Ora siamo tutti seduti sul divano e le due donne cercano di raccontare. Al momento so solo che sono andate nella boutique di Sandy, poi al Marea – il ristorante preferito di mia madre –, dove hanno bevuto dello champagne e dove hanno lasciato la macchina.
«E poi? Non è possibile che foste ridotte in quello stato per dello champagne».
«Beh, poi ho voluto rilassarci un po' e... beh, sai dove mi piace rilassarmi» dice mia madre evasiva come non mai e Helen continua a guardarsi i piedi e a torturarsi le inesistenti pellicine attorno alle unghie.
«Non dirmi che...»
«Siamo andate da Diego».
«Hai portato la mia ragazza a fare un massaggio? Da quel pervertito di Diego?» sbotto alzandomi in piedi.
«Dom, sai che è gay».
«Sì, ma il suo personale no».
«Ha fatto lui personalmente il massaggio a Helen» cerca di difendersi mia madre, ma sta solo peggiorando la situazione.
«Mi vuoi dire che Diego ha visto Helen nuda? Lo stesso Diego che vediamo a ogni maledetto evento? Lo stesso Diego che ci prova con me da quando non ero ancora maggiorenne e lo stesso che è più pettegolo della più pettegola delle vecchiette?» sbraito. Helen sta sprofondando sempre più nel divano.
«Non nuda nuda, dai. Vero, Helen?»
«No, certo che no» viene in soccorso di mia madre.
«Prosegui... poi cosa avete fatto?»
«Vedi, è proprio questo il problema... ricordo di aver portato Helen al Desert Rose, ma poi...»

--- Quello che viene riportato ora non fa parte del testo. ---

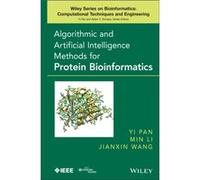 Algorithmic and Artificial Intelligence Methods for Protein Bioinformatics Algorithmic and Artificial Intelligence Methods for Protein Bioinformatics (Auteur)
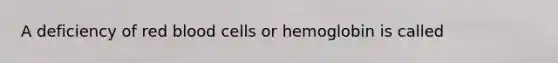 A deficiency of red blood cells or hemoglobin is called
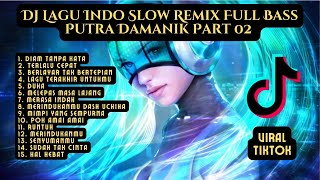 DJ LAGU INDO VIRAL TIKTOK PUTRA DAMANIK SLOW REMIX FULL BASS PART 02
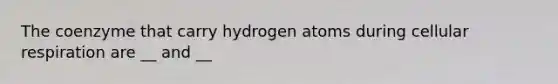 The coenzyme that carry hydrogen atoms during cellular respiration are __ and __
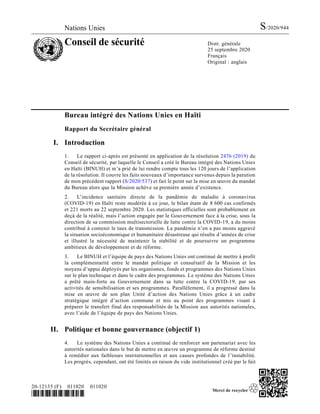 Nations Unies S/2020/944
Conseil de sécurité Distr. générale
25 septembre 2020
Français
Original : anglais
20-12135 (F) 011020 011020
*2012135*
Bureau intégré des Nations Unies en Haïti
Rapport du Secrétaire général
I. Introduction
1. Le rapport ci-après est présenté en application de la résolution 2476 (2019) du
Conseil de sécurité, par laquelle le Conseil a créé le Bureau intégré des Nations Unies
en Haïti (BINUH) et m’a prié de lui rendre compte tous les 120 jours de l’application
de la résolution. Il couvre les faits nouveaux d’importance survenus depuis la parution
de mon précédent rapport (S/2020/537) et fait le point sur la mise en œuvre du mandat
du Bureau alors que la Mission achève sa première année d’existence.
2. L’incidence sanitaire directe de la pandémie de maladie à coronavirus
(COVID-19) en Haïti reste modérée à ce jour, le bilan étant de 8 600 cas confirmés
et 221 morts au 22 septembre 2020. Les statistiques officielles sont probablement en
deçà de la réalité, mais l’action engagée par le Gouvernement face à la crise, sous la
direction de sa commission multisectorielle de lutte contre la COVID-19, a du moins
contribué à contenir le taux de transmission. La pandémie n’en a pas moins aggravé
la situation socioéconomique et humanitaire désastreuse qui résulte d’années de crise
et illustré la nécessité de maintenir la stabilité et de poursuivre un programme
ambitieux de développement et de réforme.
3. Le BINUH et l’équipe de pays des Nations Unies ont continué de mettre à profit
la complémentarité entre le mandat politique et consultatif de la Mission et les
moyens d’appui déployés par les organismes, fonds et programmes des Nations Unies
sur le plan technique et dans le cadre des programmes. Le système des Nations Unies
a prêté main-forte au Gouvernement dans sa lutte contre la COVID-19, par ses
activités de sensibilisation et ses programmes. Parallèlement, il a progressé dans la
mise en œuvre de son plan Unité d’action des Nations Unies grâce à un cadre
stratégique intégré d’action commune et mis au point des programmes visant à
préparer le transfert final des responsabilités de la Mission aux autorités nationales,
avec l’aide de l’équipe de pays des Nations Unies.
II. Politique et bonne gouvernance (objectif 1)
4. Le système des Nations Unies a continué de renforcer son partenariat avec les
autorités nationales dans le but de mettre en œuvre un programme de réforme destiné
à remédier aux faiblesses institutionnelles et aux causes profondes de l’instabilité.
Les progrès, cependant, ont été limités en raison du vide institutionnel créé par le fait
 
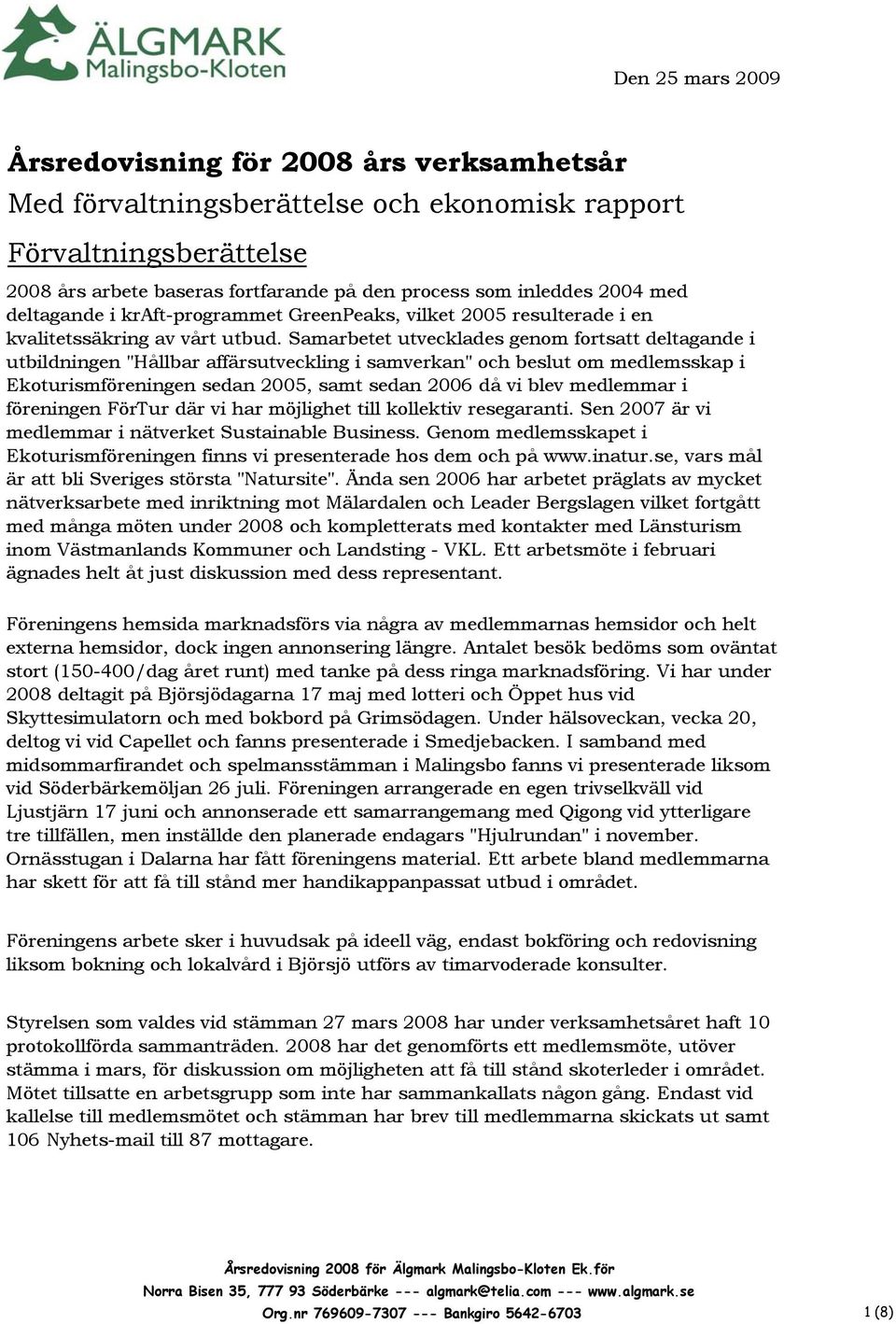 Samarbetet utvecklades genom fortsatt deltagande i utbildningen "Hållbar affärsutveckling i samverkan" och beslut om medlemsskap i Ekoturismföreningen sedan 2005, samt sedan 2006 då vi blev medlemmar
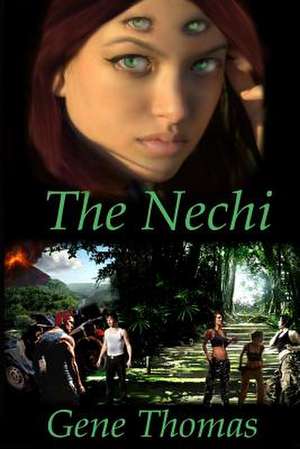 The Nechi de Gene Thomas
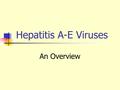 Hepatitis A-E Viruses An Overview. A “Infectious” “Serum” Viral hepatitis Enterically transmitted Parenterall y transmitted F, G, TTV ? other E NANB BD.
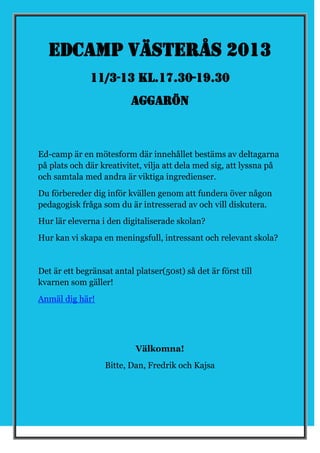 Edcamp Västerås 2013
              11/3-13 kl.17.30-19.30
                          Aggarön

«L'hai portata in un casinò? In quel cazzo di casinò con i camerieri mezzi nudi?»
Ora nessuno parla. Ben mi guarda comprensivo, le altre due se ne stanno a testa bassa sul divano.

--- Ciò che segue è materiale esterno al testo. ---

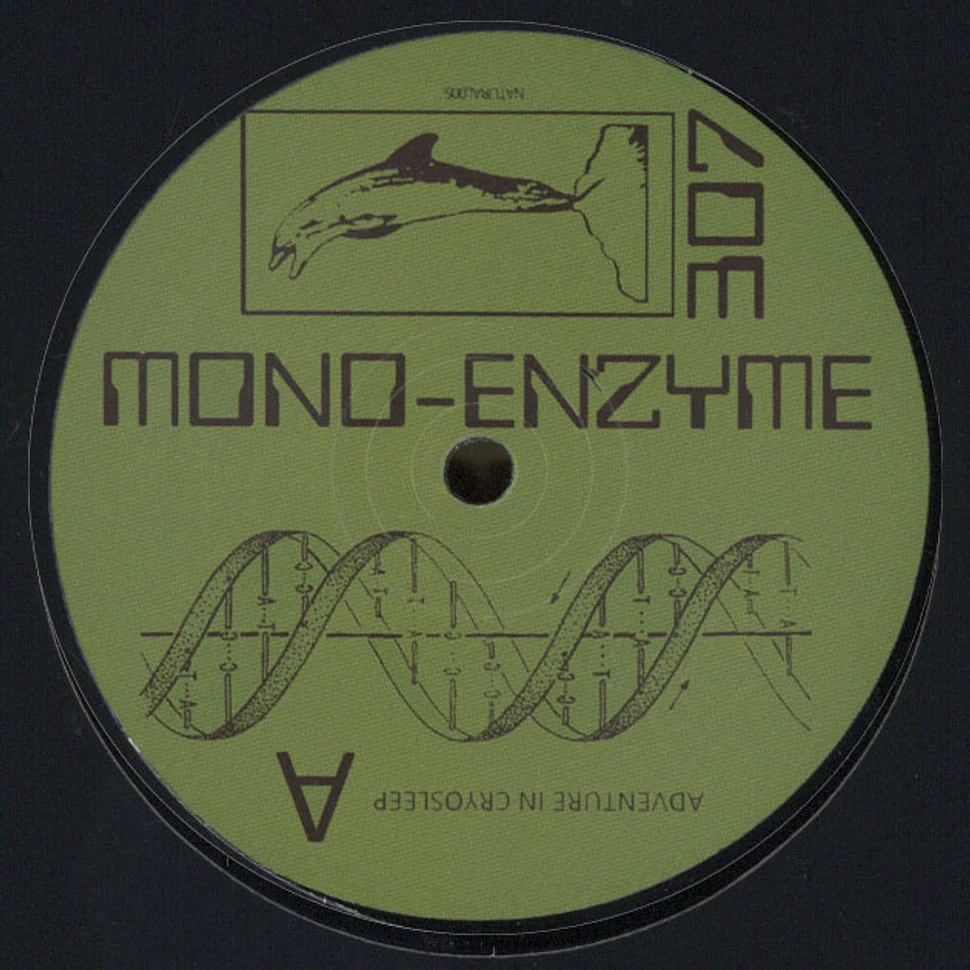 Mono-Enzyme 307 - Adventure In Cyrosleep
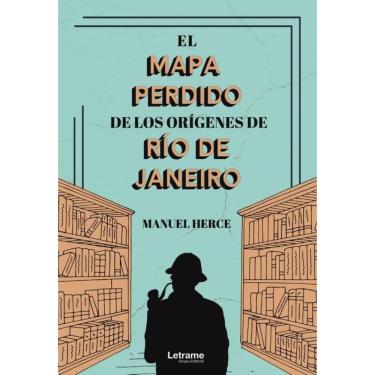 Imagem de El mapa perdido de los orígenes de Río de Janeiro - Espanhol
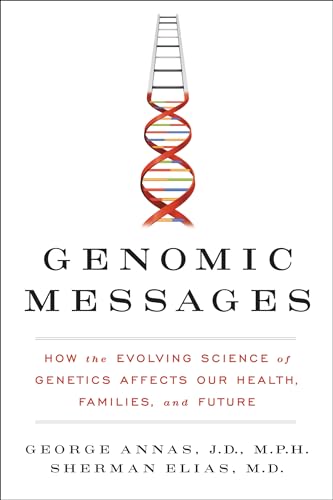 Read Genomic Messages: How the Evolving Science of Genetics Affects Our Health, Families, and Future, written by George Annas; Sherman Elias Read Genomic Messages: How the Evolving Science of Genetics Affects Our Health, Families, and Future, written by George Annas; Sherman Elias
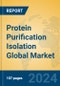 Protein Purification Isolation Global Market Insights 2024, Analysis and Forecast to 2029, by Manufacturers, Regions, Technology, Application - Product Image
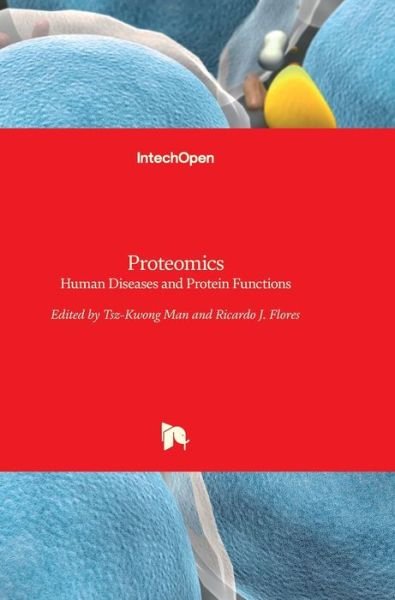 Cover for Tsz Kwong Man · Proteomics: Human Diseases and Protein Functions (Inbunden Bok) (2012)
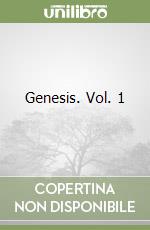 Genesis. Vol. 1 libro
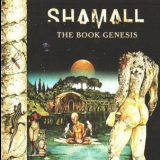 Shamall - The Book Genesis (2CD) '2001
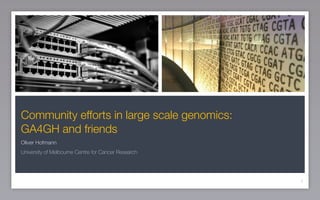 Community efforts in large scale genomics:
GA4GH and friends
Oliver Hofmann
University of Melbourne Centre for Cancer Research
1
 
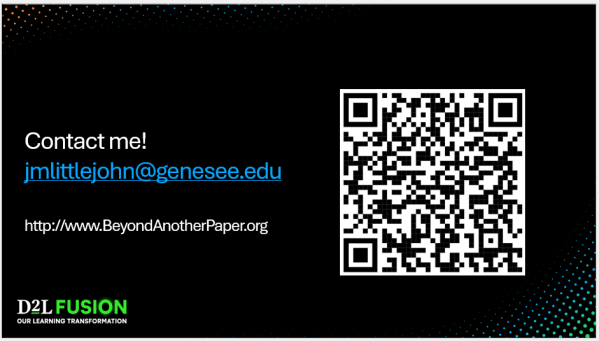 Contact me! jmlittlejohn@genesee.edu http://www.BeyondAnotherPaper.org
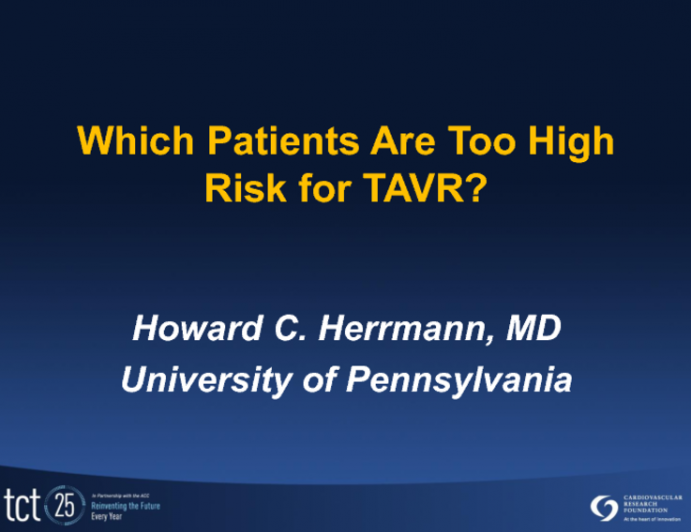 Which Aortic Stenosis Patients Are Too High-Risk for TAVR?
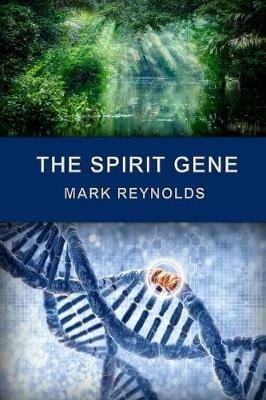 The Spirit Gene - Mark Alan Reynolds - cover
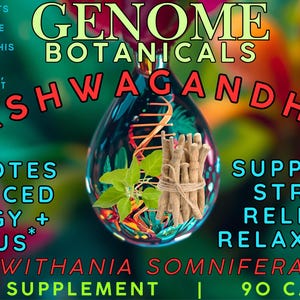 K&ouml;nnte beinhalten: Eine farbenfrohe Werbung f&uuml;r das Nahrungserg&auml;nzungsmittel Ashwagandha von Genome Botanicals. Das Bild zeigt einen stilisierten Wassertropfen mit einer DNA-Str&auml;hne, Ashwagandha-Wurzeln und Bl&auml;ttern. Der Text wirbt f&uuml;r ausgeglichene Energie, Konzentration, Stressabbau und Entspannung. Das Produkt enth&auml;lt 90 Kapseln.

«Cos'avete fatto lì dentro?»
«N-non... ecco, non me lo ricordo. Tu, Helen?» Lei scuote la testa.
«Bene! Io esco, ho bisogno di una boccata d'aria. Per quando rientrerò fatte in modo di riuscire a raccontarmi tutto, altrimenti tu» dico puntando un dito verso mia madre, «hai chiuso con me. E tu...» faccio lo stesso verso Helen, «tu...» Non riesco a formulare la frase, per cui afferro la giacca da moto che ieri ho lasciato su una sedia del salotto ed esco come una furia.
Il mio obiettivo: sbollire la rabbia e farmi venire una maledetta idea per il discorso che dovrò fare questa sera. Perché sì, non è cambiato nulla. Sono incazzato con mia madre, ma non con Helen, anche se sono stato così bastardo da farglielo credere.